WHAT YOU HAVE TO DO: Produce a verbatim transcription of the entries, with all pictures omitted.

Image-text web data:
◇ ◇ ◇ ◇ ◇

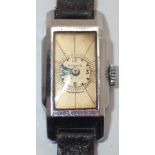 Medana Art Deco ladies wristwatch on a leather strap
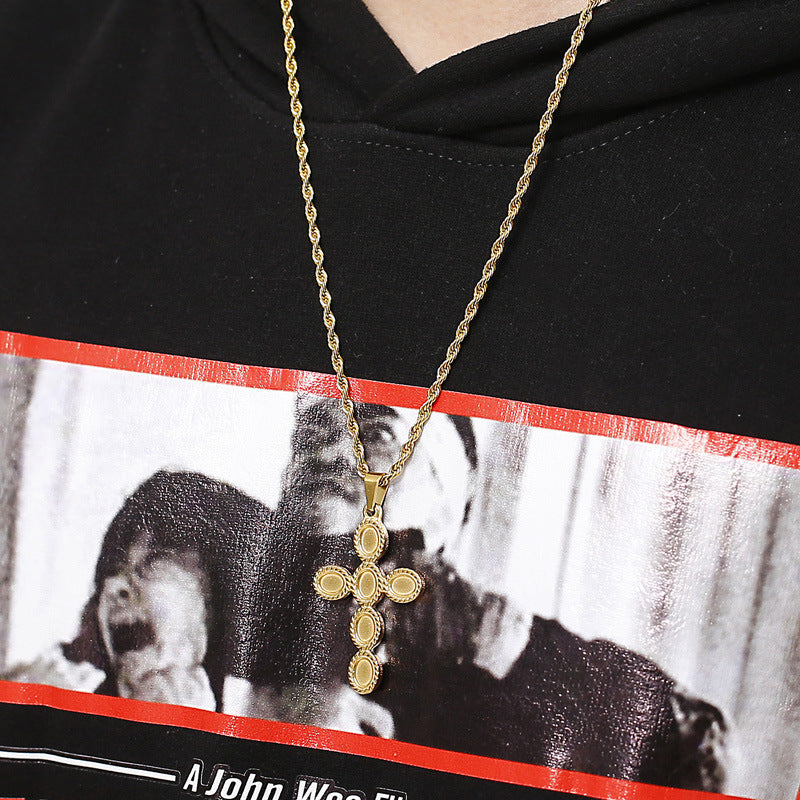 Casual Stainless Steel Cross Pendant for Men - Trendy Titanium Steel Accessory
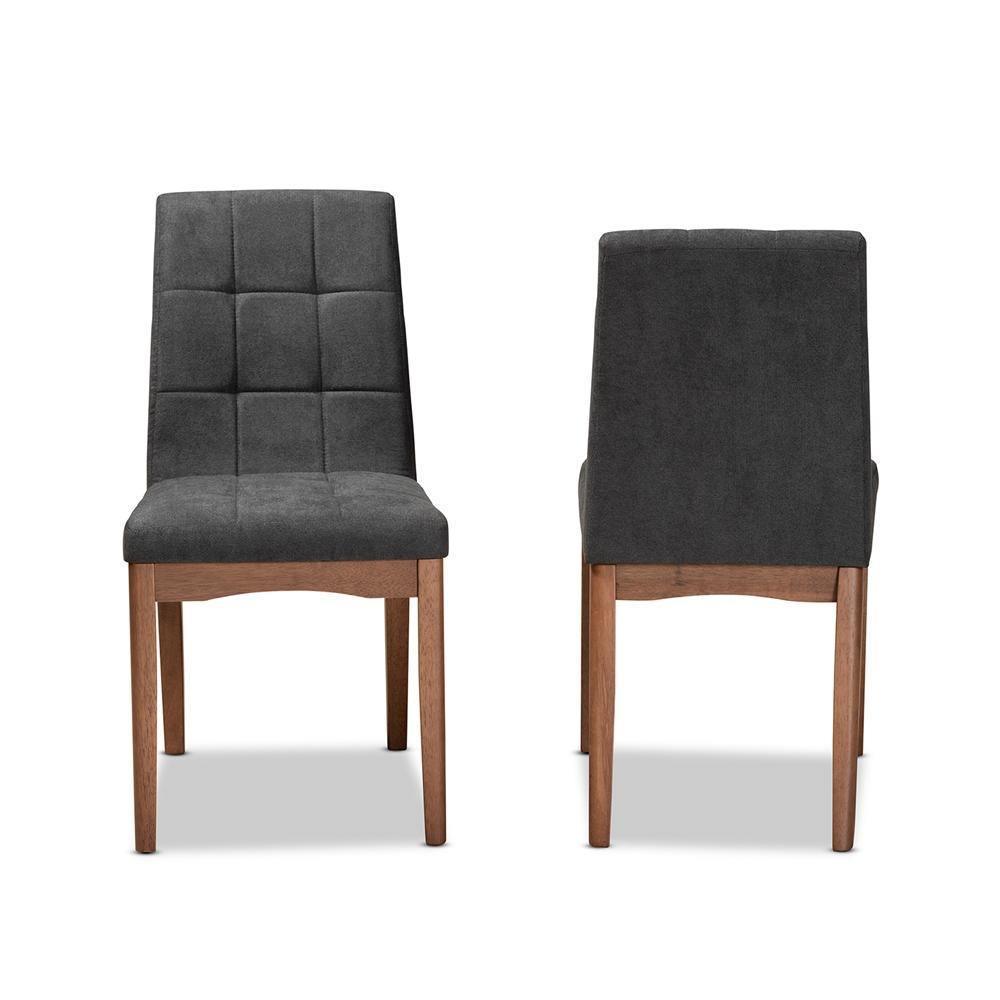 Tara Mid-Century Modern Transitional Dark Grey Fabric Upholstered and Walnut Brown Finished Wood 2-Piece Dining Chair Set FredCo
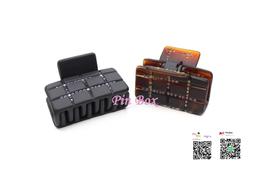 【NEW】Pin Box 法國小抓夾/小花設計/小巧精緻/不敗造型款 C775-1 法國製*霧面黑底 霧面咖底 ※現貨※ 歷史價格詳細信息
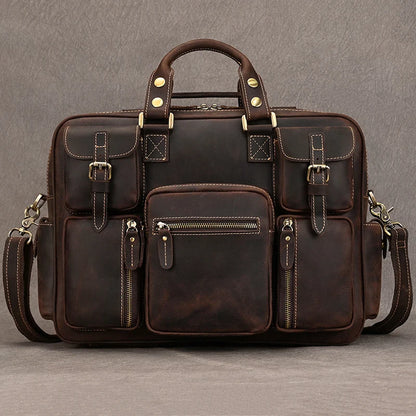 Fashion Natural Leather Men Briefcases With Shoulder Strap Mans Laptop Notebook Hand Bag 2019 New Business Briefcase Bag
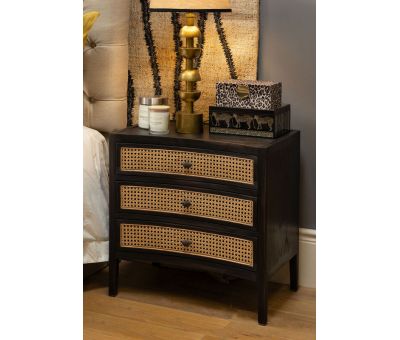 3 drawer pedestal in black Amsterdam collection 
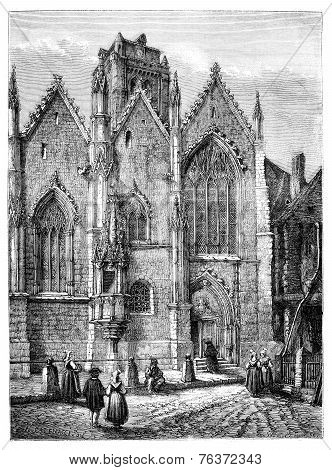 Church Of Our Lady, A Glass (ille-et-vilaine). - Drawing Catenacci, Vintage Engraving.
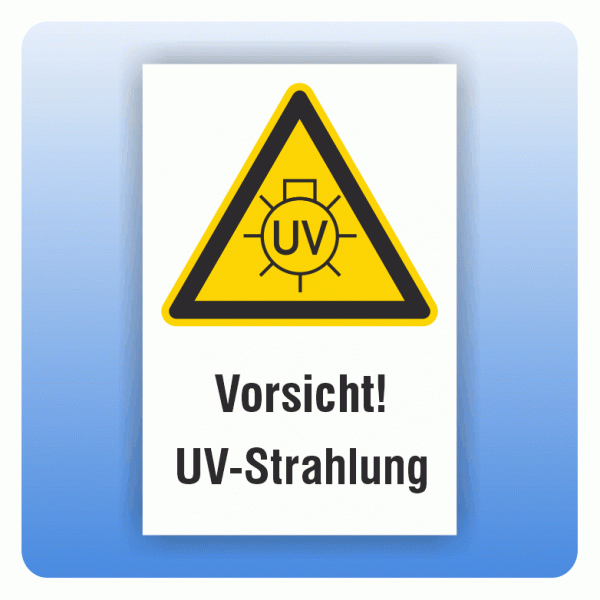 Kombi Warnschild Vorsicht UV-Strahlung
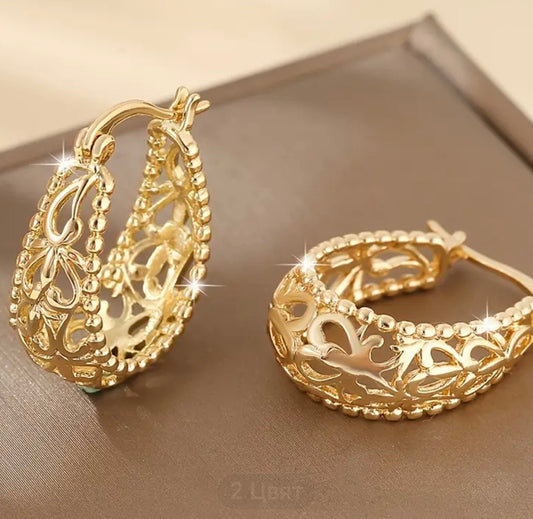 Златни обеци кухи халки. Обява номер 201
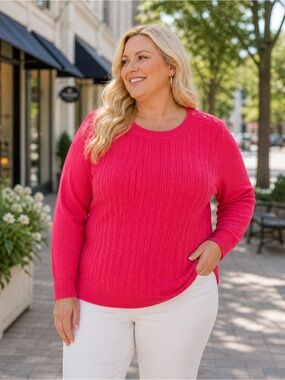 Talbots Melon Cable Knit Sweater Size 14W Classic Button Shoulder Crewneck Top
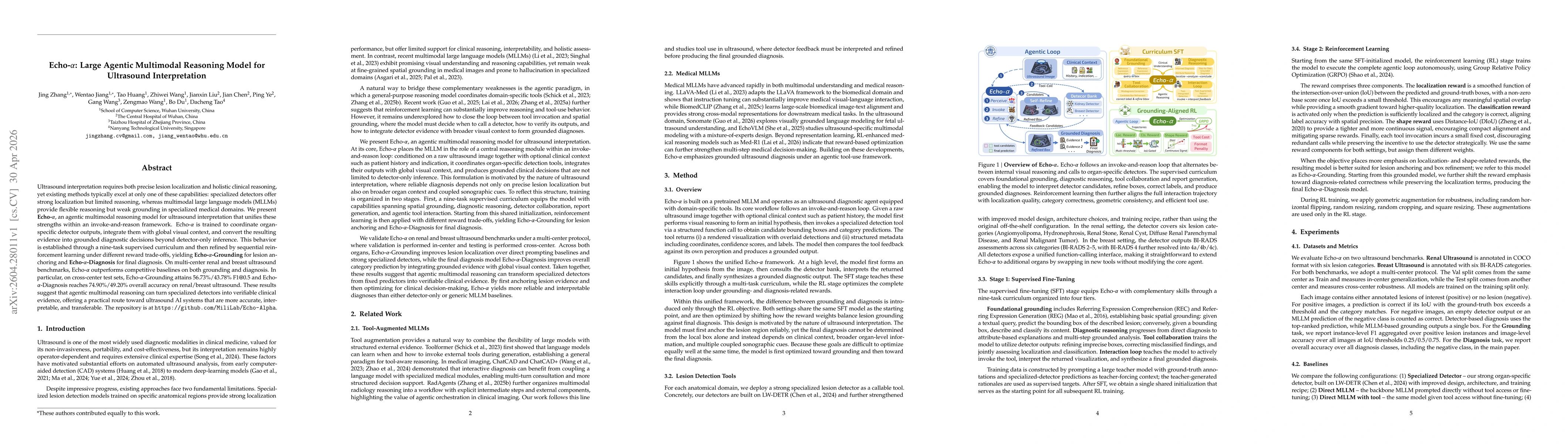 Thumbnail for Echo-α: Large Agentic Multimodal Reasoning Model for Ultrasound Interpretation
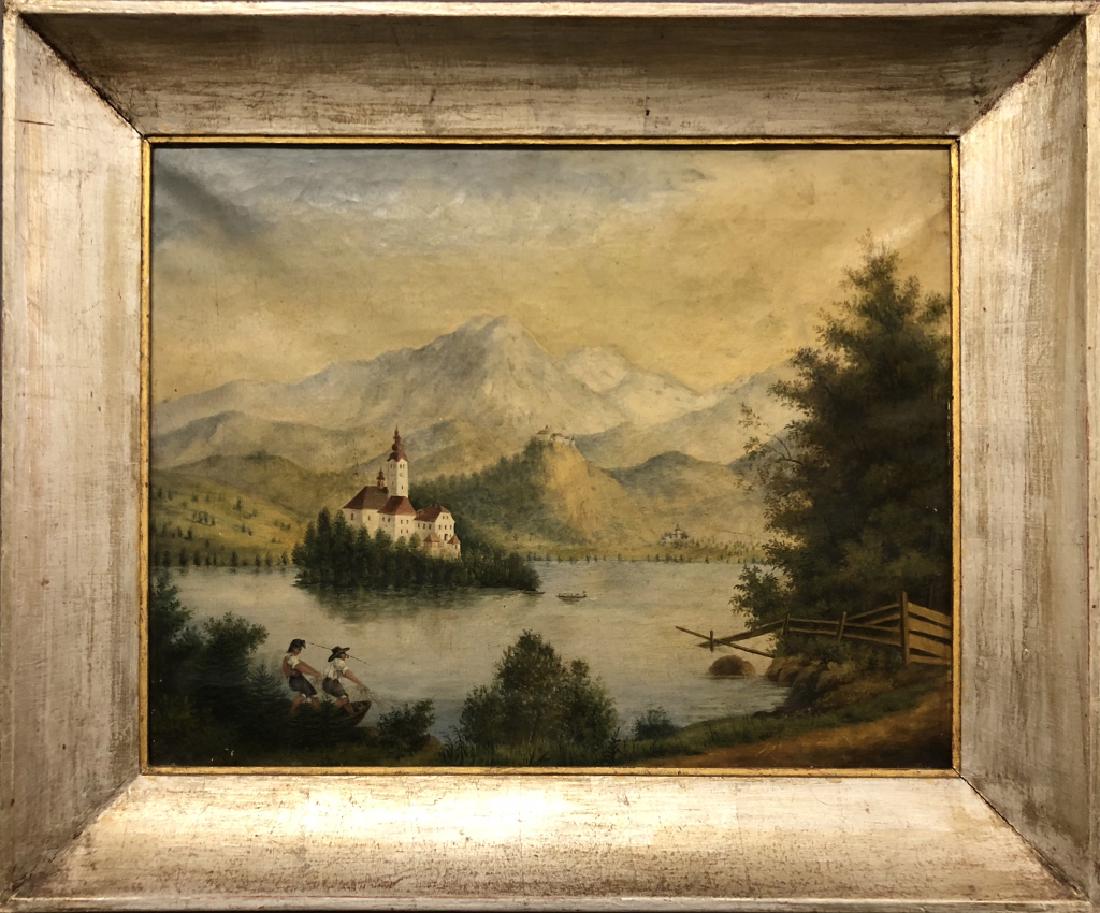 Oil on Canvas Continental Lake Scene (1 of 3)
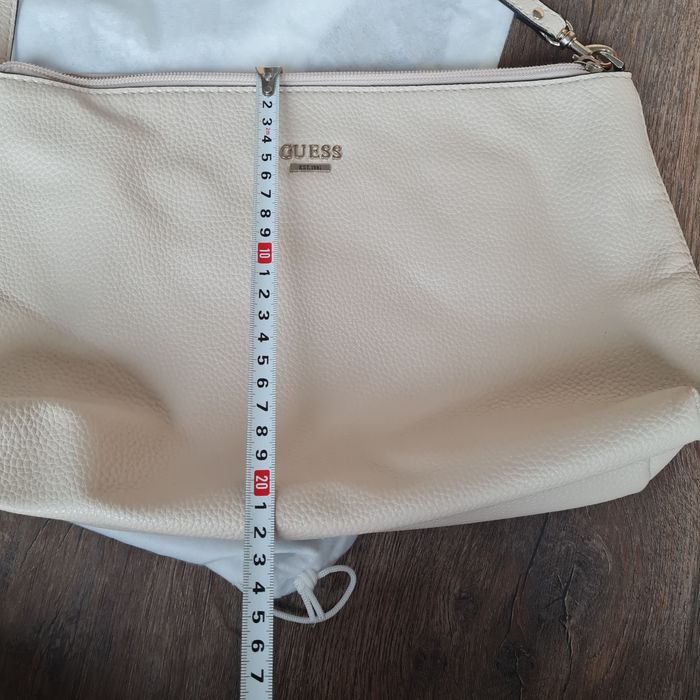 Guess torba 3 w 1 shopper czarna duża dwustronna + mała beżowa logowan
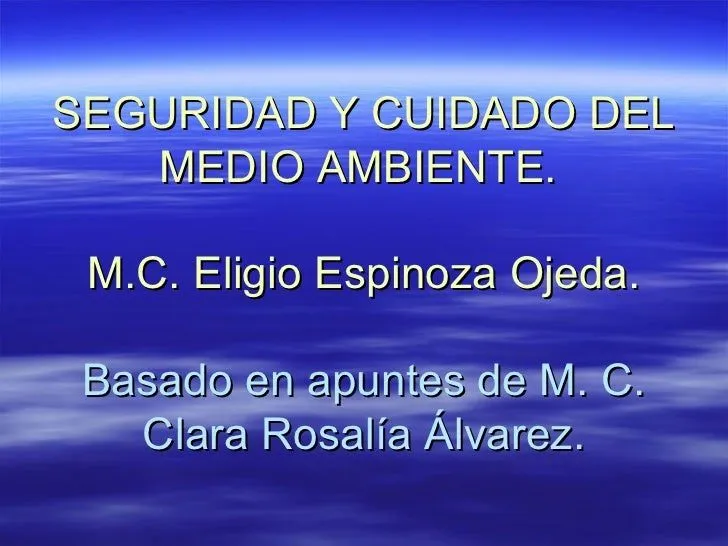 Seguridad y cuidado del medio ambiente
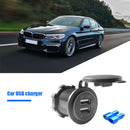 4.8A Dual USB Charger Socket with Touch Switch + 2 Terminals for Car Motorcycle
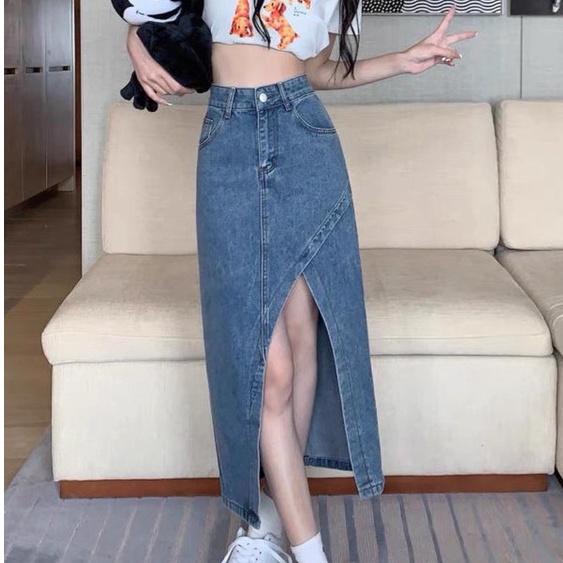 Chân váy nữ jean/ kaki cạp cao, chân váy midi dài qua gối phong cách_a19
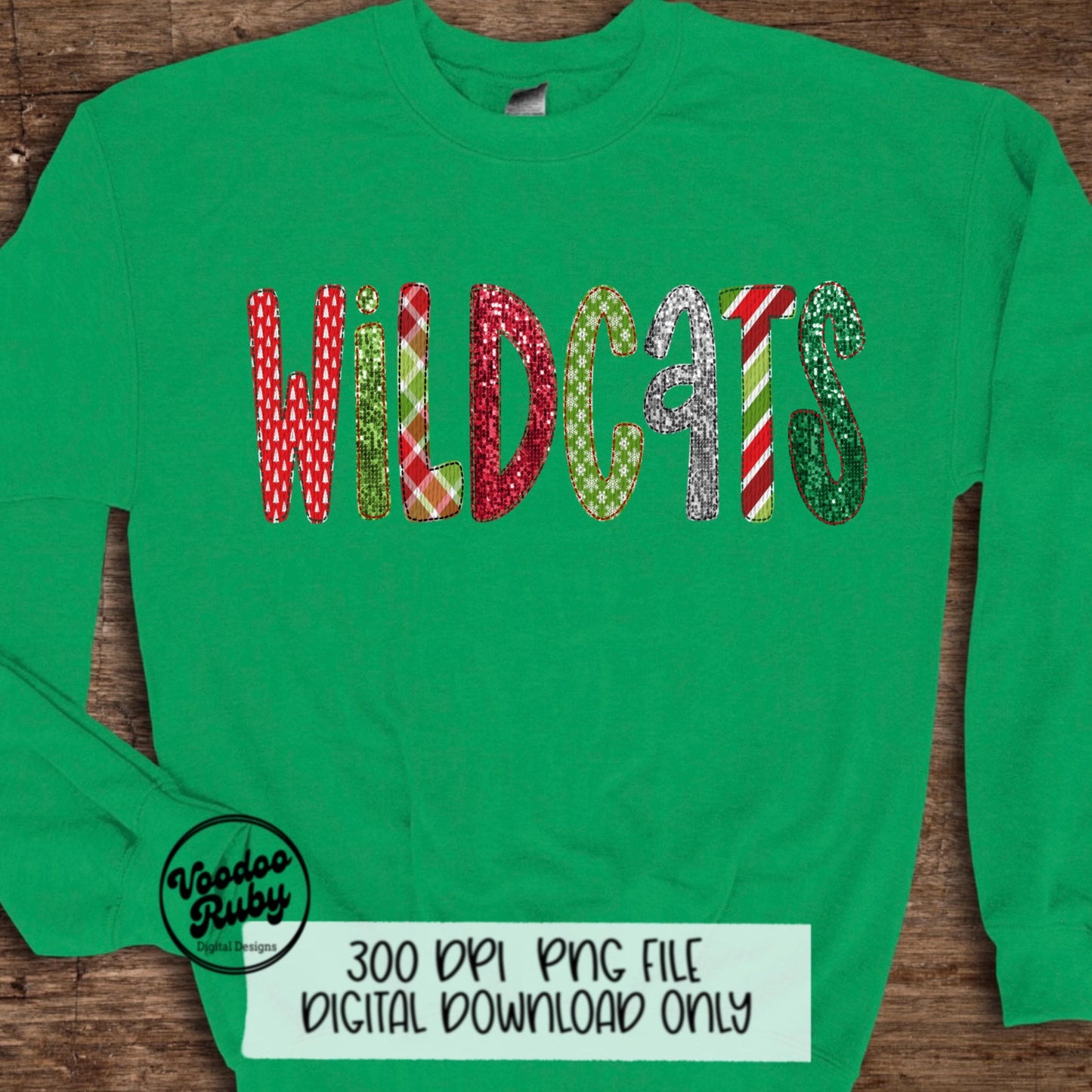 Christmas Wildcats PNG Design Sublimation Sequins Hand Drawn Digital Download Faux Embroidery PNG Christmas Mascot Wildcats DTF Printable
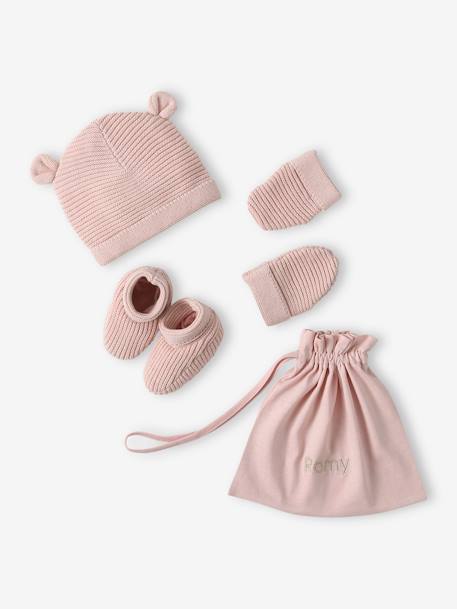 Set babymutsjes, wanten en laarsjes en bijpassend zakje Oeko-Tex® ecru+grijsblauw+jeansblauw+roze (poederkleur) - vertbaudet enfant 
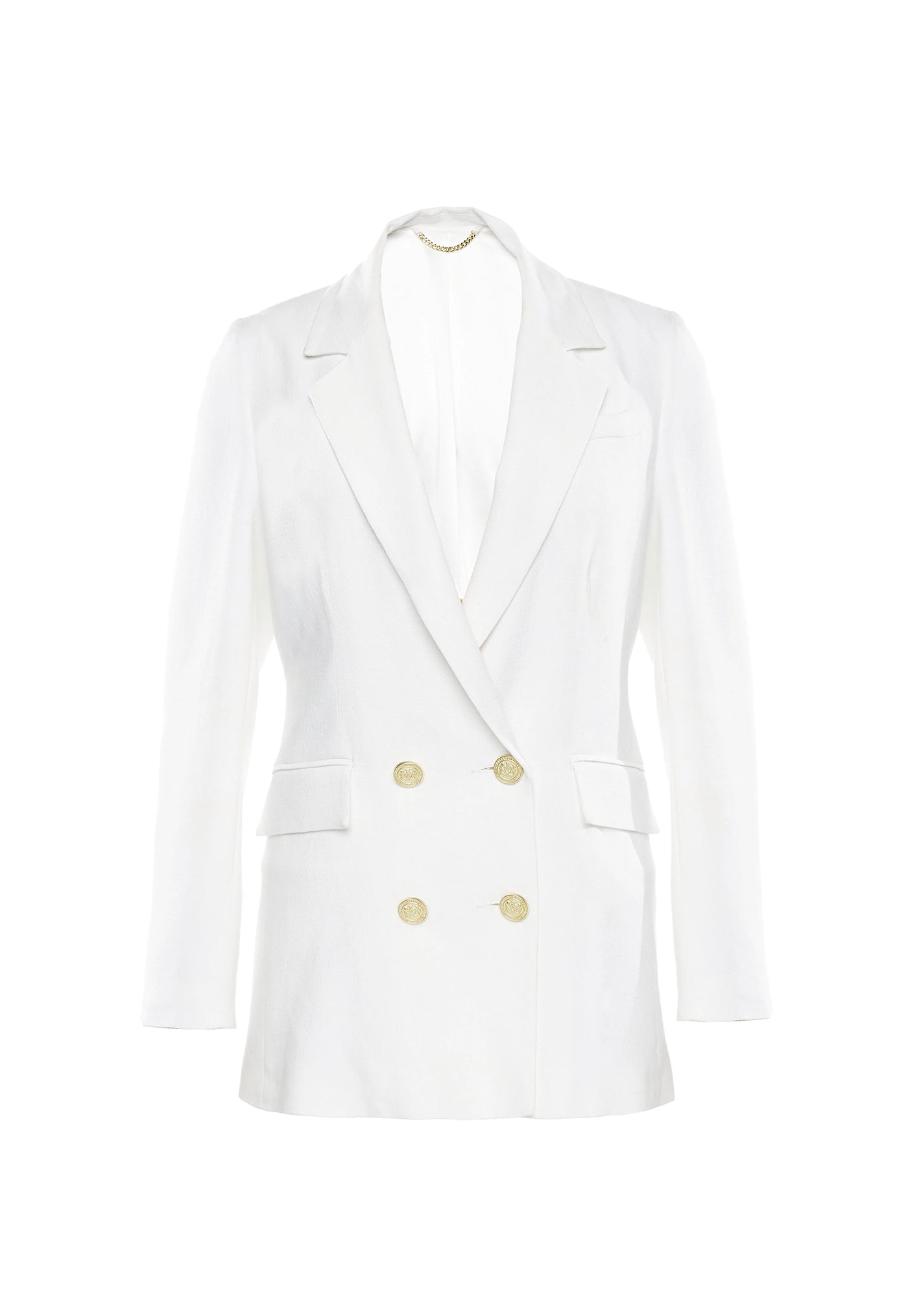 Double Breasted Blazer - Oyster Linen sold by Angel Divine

◇ ◇ ◇ ◇ ◇

REPLY:
 Medana Art Deco ladies wristwatch on a leather strap
 Casual Stainless Steel Cross Pendant for Men - Trendy Titanium Steel Accessory
 Tara Mid-Century Modern Transitional Dark Grey Fabric Upholstered and Walnut Brown Finished Wood 2-Piece Dining Chair Set FredCo
 【NEW】Pin Box 法國小抓夾/小花設計/小巧精緻/不敗造型款 C775-1 法國製*霧面黑底 霧面咖底 ※現貨※ 歷史價格詳細信息
 Fashion Natural Leather Men Briefcases With Shoulder Strap Mans Laptop Notebook Hand Bag 2019 New Business Briefcase Bag
 3 drawer pedestal in black Amsterdam collection 
 Church Of Our Lady, A Glass (ille-et-vilaine). - Drawing Catenacci, Vintage Engraving.
 Kombi Warnschild Vorsicht UV-Strahlung
 Златни обеци кухи халки. Обява номер 201
 Talbots Melon Cable Knit Sweater Size 14W Classic Button Shoulder Crewneck Top
 Thumbnail for Echo-α: Large Agentic Multimodal Reasoning Model for Ultrasound Interpretation
 Oil on Canvas Continental Lake Scene (1 of 3)
 Guess torba 3 w 1 shopper czarna duża dwustronna + mała beżowa logowan
 Seguridad y cuidado del medio ambiente
 4.8A Dual USB Charger Socket with Touch Switch + 2 Terminals for Car Motorcycle
 Chân váy nữ jean/ kaki cạp cao, chân váy midi dài qua gối phong cách_a19
 Christmas Wildcats PNG Design Sublimation Sequins Hand Drawn Digital Download Faux Embroidery PNG Christmas Mascot Wildcats DTF Printable
 Set babymutsjes, wanten en laarsjes en bijpassend zakje Oeko-Tex® ecru+grijsblauw+jeansblauw+roze (poederkleur) - vertbaudet enfant 
 Double Breasted Blazer - Oyster Linen sold by Angel Divine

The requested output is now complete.